**Records excerpted from a collection**

##############################

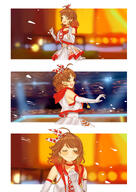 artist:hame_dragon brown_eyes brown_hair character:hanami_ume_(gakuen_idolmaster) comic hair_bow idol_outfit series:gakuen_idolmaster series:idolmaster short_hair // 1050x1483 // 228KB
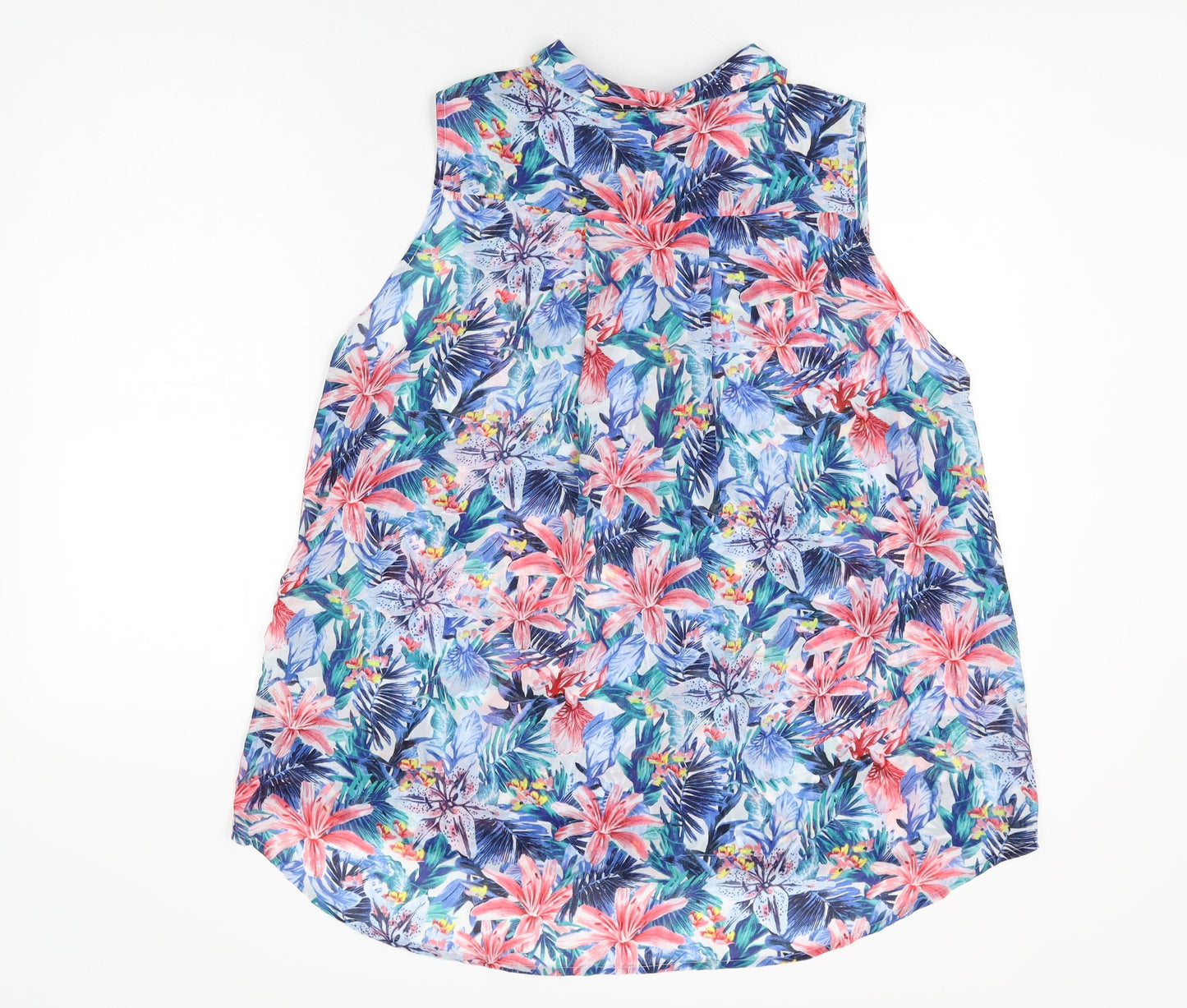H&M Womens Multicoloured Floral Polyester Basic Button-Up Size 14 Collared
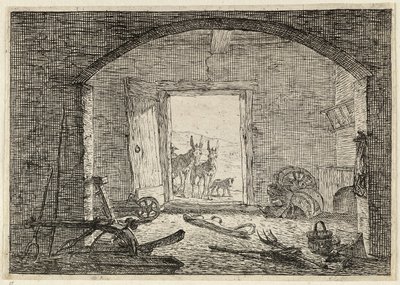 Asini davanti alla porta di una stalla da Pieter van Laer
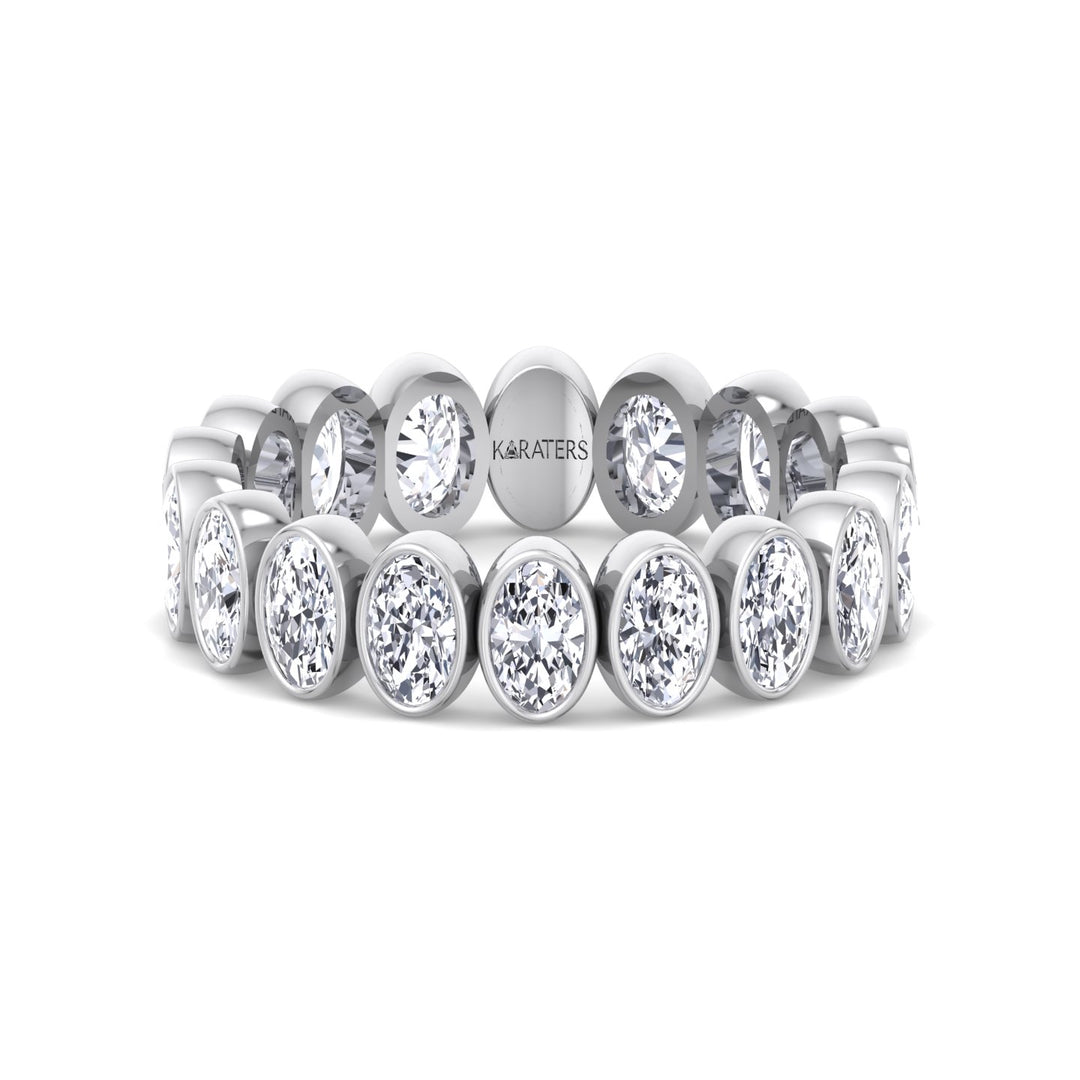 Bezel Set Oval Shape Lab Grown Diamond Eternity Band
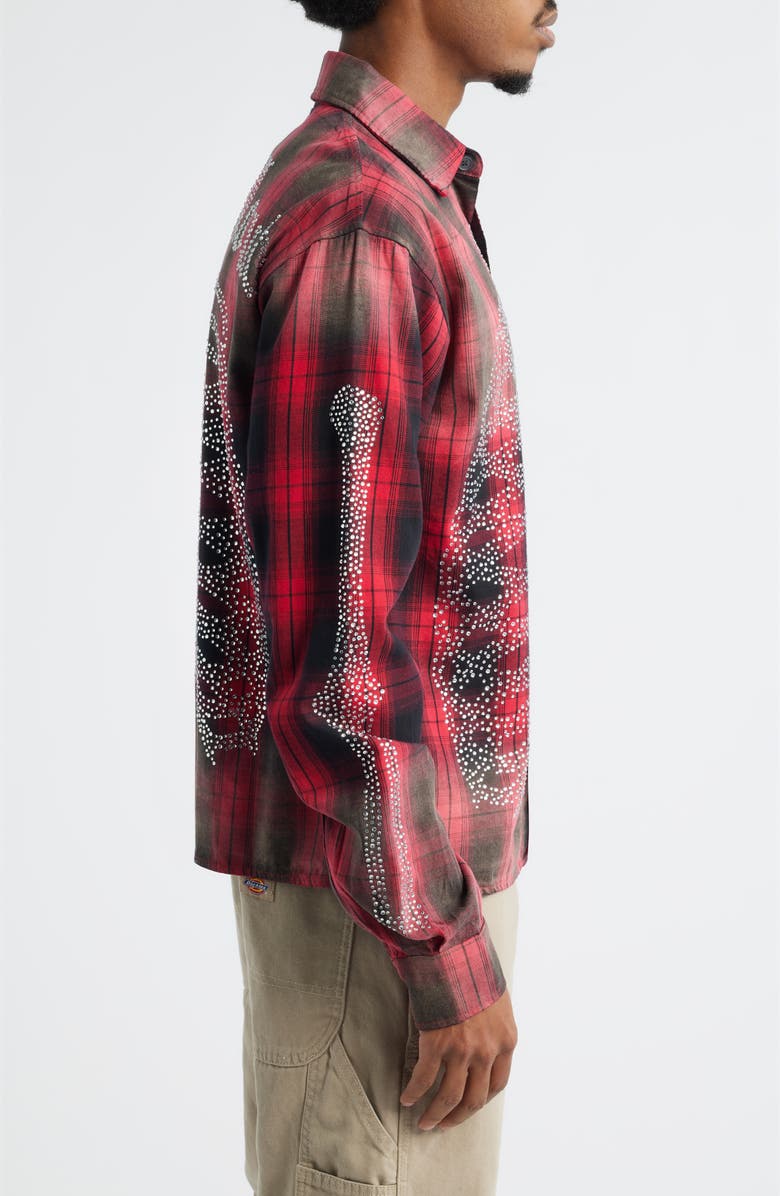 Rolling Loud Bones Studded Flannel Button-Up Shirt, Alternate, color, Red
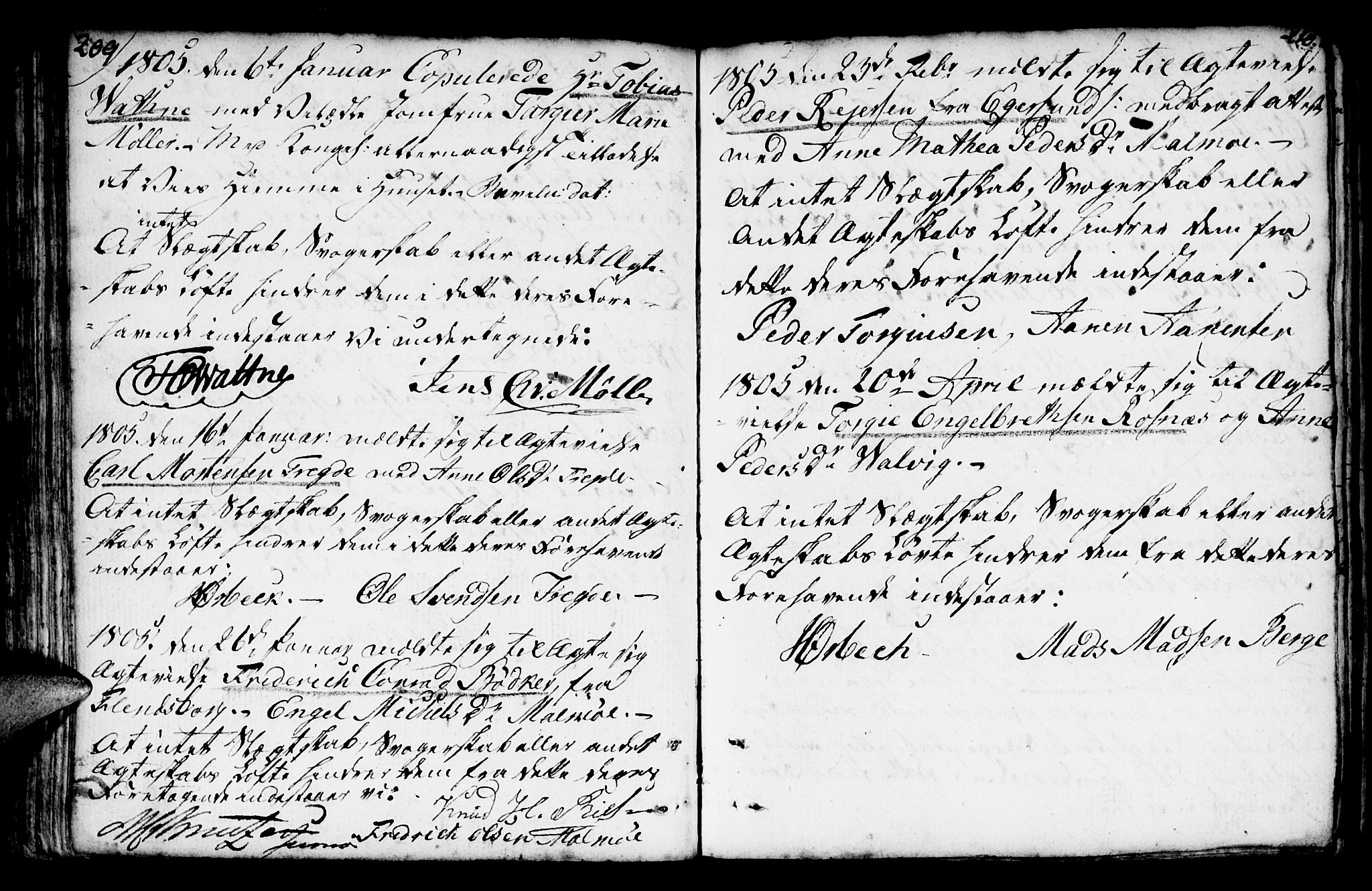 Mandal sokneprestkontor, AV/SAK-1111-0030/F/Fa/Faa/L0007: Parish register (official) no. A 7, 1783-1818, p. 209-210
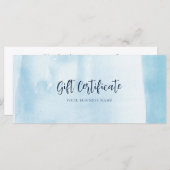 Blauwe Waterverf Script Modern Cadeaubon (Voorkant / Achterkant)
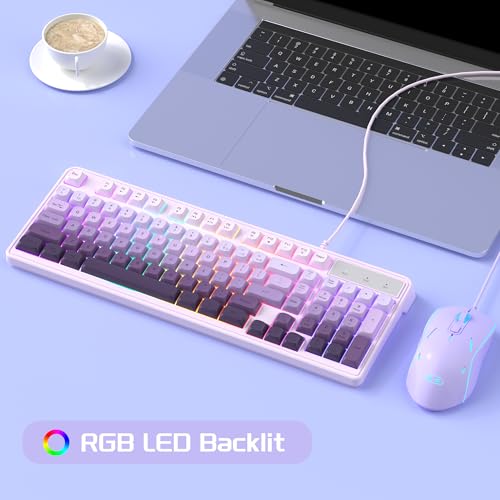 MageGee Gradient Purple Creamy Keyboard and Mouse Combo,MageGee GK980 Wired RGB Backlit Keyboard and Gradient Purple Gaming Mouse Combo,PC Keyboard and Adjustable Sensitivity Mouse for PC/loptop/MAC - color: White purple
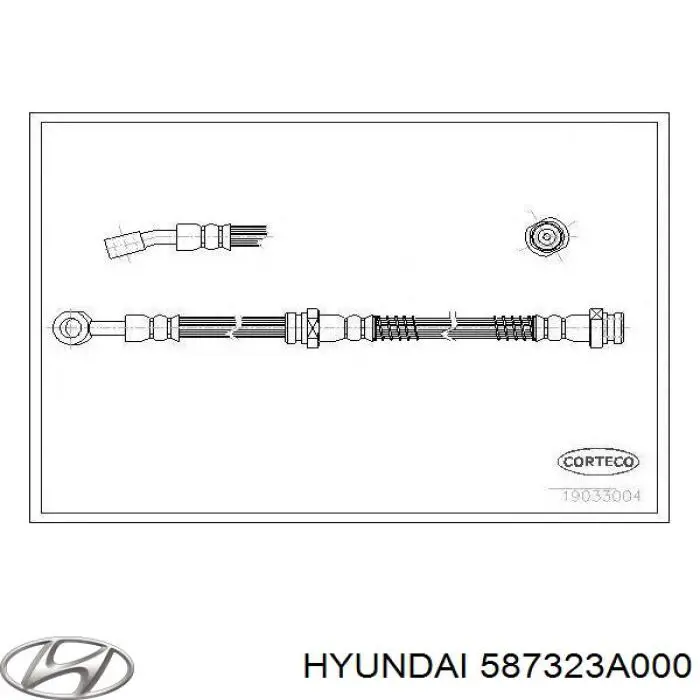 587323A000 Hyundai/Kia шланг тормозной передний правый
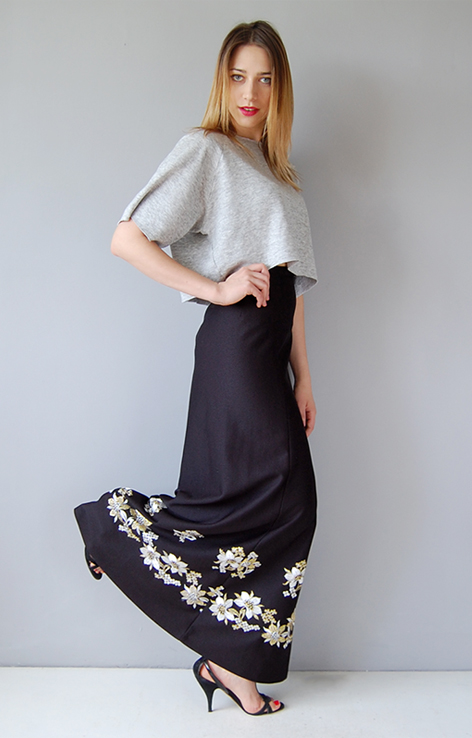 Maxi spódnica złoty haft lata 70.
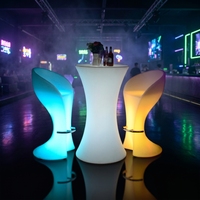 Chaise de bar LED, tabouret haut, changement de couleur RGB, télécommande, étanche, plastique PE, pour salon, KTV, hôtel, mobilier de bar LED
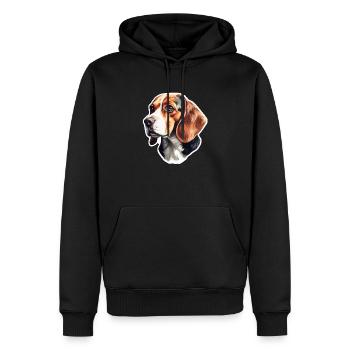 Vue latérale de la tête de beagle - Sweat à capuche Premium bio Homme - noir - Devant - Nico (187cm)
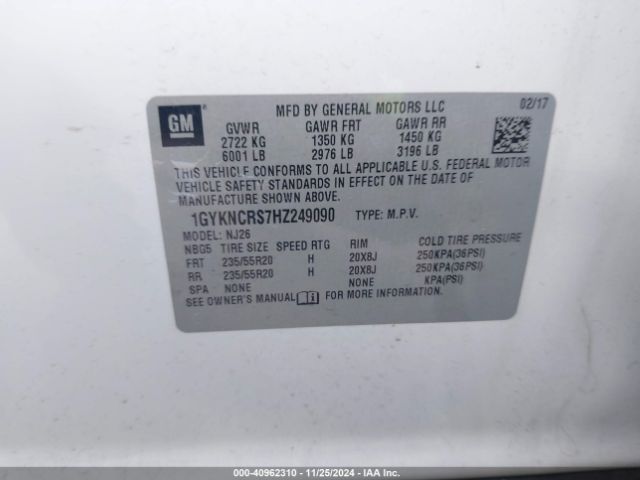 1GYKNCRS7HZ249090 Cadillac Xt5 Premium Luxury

##############################

**Task to carry out**
An unchanged copy of the data, images excluded, is all that should be given.

**Completed exercise**
 artist:hame_dragon brown_eyes brown_hair character:hanami_ume_(gakuen_idolmaster) comic hair_bow idol_outfit series:gakuen_idolmaster series:idolmaster short_hair // 1050x1483 // 228KB
H&M Womens Multicoloured Floral Polyester Basic Button-Up Size 14 Collared
 Asini davanti alla porta di una stalla da Pieter van Laer
 Bezel Set Oval Shape Lab Grown Diamond Eternity Band
 Rolling Loud Bones Studded Flannel Button-Up Shirt, Alternate, color, Red
 Mandal sokneprestkontor, AV/SAK-1111-0030/F/Fa/Faa/L0007: Parish register (official) no. A 7, 1783-1818, p. 209-210
 Blauwe Waterverf Script Modern Cadeaubon (Voorkant / Achterkant)
 MageGee Gradient Purple Creamy Keyboard and Mouse Combo,MageGee GK980 Wired RGB Backlit Keyboard and Gradient Purple Gaming Mouse Combo,PC Keyboard and Adjustable Sensitivity Mouse for PC/loptop/MAC - color: White purple
 587323A000 Hyundai/Kia шланг тормозной передний правый
 Maxi spódnica złoty haft lata 70.
 Chaise de bar LED, tabouret haut, changement de couleur RGB, télécommande, étanche, plastique PE, pour salon, KTV, hôtel, mobilier de bar LED
 Vue latérale de la tête de beagle - Sweat à capuche Premium bio Homme - noir - Devant - Nico (187cm)
 1GYKNCRS7HZ249090 Cadillac Xt5 Premium Luxury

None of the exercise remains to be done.